Only buzz when something changes
This is the part of the project I care about most. The alert engine’s entire job is to look at two consecutive snapshots of the realtime feed and decide whether anything worth telling me happened between them. It never looks at a single snapshot in isolation. A train sitting at “12 minutes late” for an hour straight should produce exactly one notification, not one every poll.
Delay itself gets bucketed into bands, shared by the CLI, the briefings, and the alert engine so nothing ever disagrees about what “late” means:
# app/core/delay.py
def delay_band(delay_sec: int | None, is_annulled: bool) -> str:
if is_annulled:
return "annulled"
if delay_sec is None:
return "unknown"
minutes = delay_sec / 60
if minutes <= 2:
return "on_time"
if minutes <= 9:
return "minor"
return "major"
The engine’s evaluate() diffs a previous snapshot against a latest one and emits events only for band transitions:
# app/alerts/engine.py
def evaluate(previous, latest, resolved, settings, now):
if previous is None:
return [] # cold start: nothing to diff against, so stay silent
...
That one guard is doing more work than it looks like. Restart the process at 7am on a Tuesday and it will not blast every currently-late train as a “new” alert just because it has no history yet. It waits for the next poll to have something to compare against.
The engine treats cancellations as a separate, more urgent case. A train can get annulled hours before it’s due, and I need to know the moment it happens, not when it enters some 45-minute pre-departure window:
if latest_annulled and not prev_annulled:
events.append(AlertEvent(
_fingerprint("annul", result.trip_id, "true"),
f"🚫 Train #{result.train_no} ({slot}) has been CANCELLED for today.",
exempt_from_quiet_hours=(slot == "morning"),
))
elif prev_annulled and not latest_annulled:
events.append(AlertEvent(
_fingerprint("annul", result.trip_id, "false"),
f"✅ Train #{result.train_no} ({slot}) is running again (cancellation lifted)."))
Notice the morning cancellation is explicitly exempt from quiet hours. If my 6am train gets annulled at 5am, I need to know at 5am, overriding whatever “don’t buzz me before 5:30” rule is otherwise in place; I still need to figure out plan B before I’ve left the house. Delay-band changes, by contrast, are gated to a ±45 minute window around the scheduled time; nobody needs a “your 4pm train is now 3 minutes late” push at 9am.
I layered an anti-spam stack underneath all of that, because the naive version of this system alerted me constantly during my first test run:
- State diffing: only a transition produces an event at all; unchanged state produces nothing.
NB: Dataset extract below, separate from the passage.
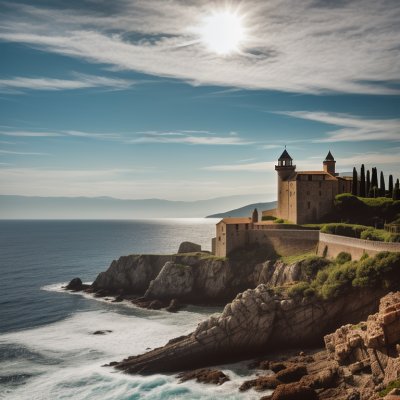 castle, sea, rocky coast, tourism, tuscany, sun, wave power, clouds, livorno, landscape, architecture, boccale, cliffs, natural beauty, italy, panorama, tranquility, vacation, boccale cup, mansion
- Quiet hours: a configurable window (
22:00-05:30in my case) drops non-exempt events, with the wraparound-past-midnight math handled explicitly rather than assumed. - A DB-backed cooldown: every event carries a stable fingerprint (a SHA1 hash of its type and identity), and the loop checks that fingerprint against an
alert_fingerprintstable with a 30-minute cooldown before sending, and records it after. This survives process restarts, so a train that flaps between “minor” and “major” delay every other poll can’t turn into a notification storm.
The engine itself is pure: no database, no network calls, just snapshots in and events out. All the stateful bits (cooldown, quiet hours, sending) live one layer up in the polling loop. That separation is also why the test suite can build real GTFS-realtime protobuf messages, feed them straight through the engine, and assert on exactly what comes out the other side without touching a database.
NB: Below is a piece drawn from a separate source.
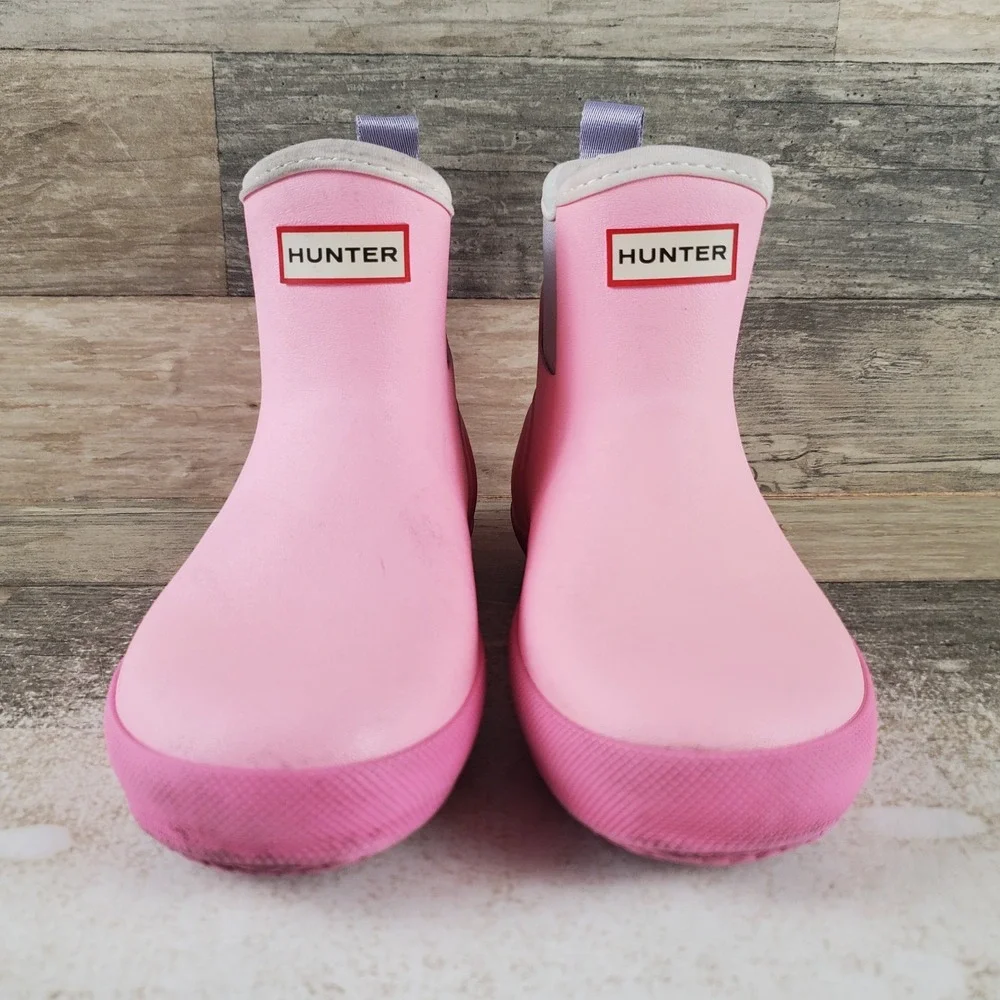 Hunter Finley Toddler Rain Boots Sz 13 M Bright Pink Purple Waterproof Pull On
Polling like a commuter, not a crawler
Hammering Metra’s realtime feed every few seconds around the clock would be rude and pointless; nothing changes about my train at 2am. The poll loop adjusts its own cadence based on whether it currently matters:
# app/realtime/loop.py
WATCH_POLL_SECONDS = 30
AWAKE_POLL_SECONDS = 300
AWAKE_START = time(5, 30)
AWAKE_END = time(22, 0)
Inside a ±45 minute window around either of my resolved trips, it polls every 30 seconds. Outside that window but during the day, it drops to once every five minutes: slow, but still frequent enough to catch a mid-afternoon cancellation of my evening train hours before I’d otherwise notice. Overnight, polling just pauses.
There’s also a small watchdog for a specific failure mode: Metra’s feed going dark while I’m actively watching a train. If both the trip-update and vehicle-position feeds come back empty for more than five minutes during a watch window, the loop sends one deduped “feed unreachable/stale” warning, so a Metra outage looks like a warning, not like silence I’d mistake for “everything’s fine.”
Two smaller details worth a mention for anyone building against Metra’s realtime API: the auth token goes in an Authorization: Bearer header, never as a query parameter, specifically because query params end up in access logs. And on the API side that serves my own dashboard, snapshots are cached in-process for 20 seconds, so however many browser tabs I have open polling /summary and /positions, Metra only sees one poll per cadence tick, not one per tab.
A departures board for one line
The dashboard is a static Vite + TypeScript site using MapLibre GL, running against free OpenFreeMap vector tiles, no Mapbox account, no billing surprises. It shows the MD-W line geometry, live train positions as bearing-rotated chevron markers, hero cards for my two tracked trips styled like an old split-flap departure board, an alerts ticker, and a 30-day on-time stats panel.
The one detail I like most: trains sometimes lose GPS (underground, at a terminal, wherever), and the naive move is to just drop them from the map. Instead, a train with a trip update but no matching position entry still renders, marked stale, with no coordinates plotted. It shows up as a ghost in the trip list rather than vanishing, which is closer to the truth: the train still exists, we just can’t see it right now.
The hero cards do the same “diff, don’t repaint” trick as the alert engine, just visually: the split-flap countdown only flips the characters that changed since the last tick, instead of redrawing the whole card every poll. The stats panel pulls from the same delay_history table the poll loop writes to, using a 2-minute threshold for “on time,” so the Telegram /stats command and the dashboard panel always report identical numbers; they’re reading the same rows.
You can see it running at metra.snehal.ai.
What’s next down the line
The code is at github.com/spate141/metra-monitor. Everything commute-specific (the line, the two stations, the train number, the departure time, quiet hours) lives in .env, not in code, so pointing it at a different line is a config exercise, not a fork.
The pattern underneath is the reusable part, independent of Metra specifically: a deterministic diff engine that only speaks when state transitions, dedup and cooldown state persisted in SQLite so restarts don’t cause storms, and delivery kept as a thin, swappable layer at the edge. None of that cares what the underlying event source is.
What I’d add next: right now delay_history only feeds a backward-looking on-time percentage. There’s enough data sitting in that table to notice a trend before it becomes a delay band change. “This train has been creeping later for three straight days” is a more useful warning than “this train just crossed into minor delay,” and I’d rather get the first one earlier. And it’s currently hardwired to two trips on one line, because that’s my commute; supporting more than two tracked trips would make it useful to anyone riding a different pattern than mine.
None of it needed to be complicated. It needed to stop making me click five times to find out what I already knew was coming.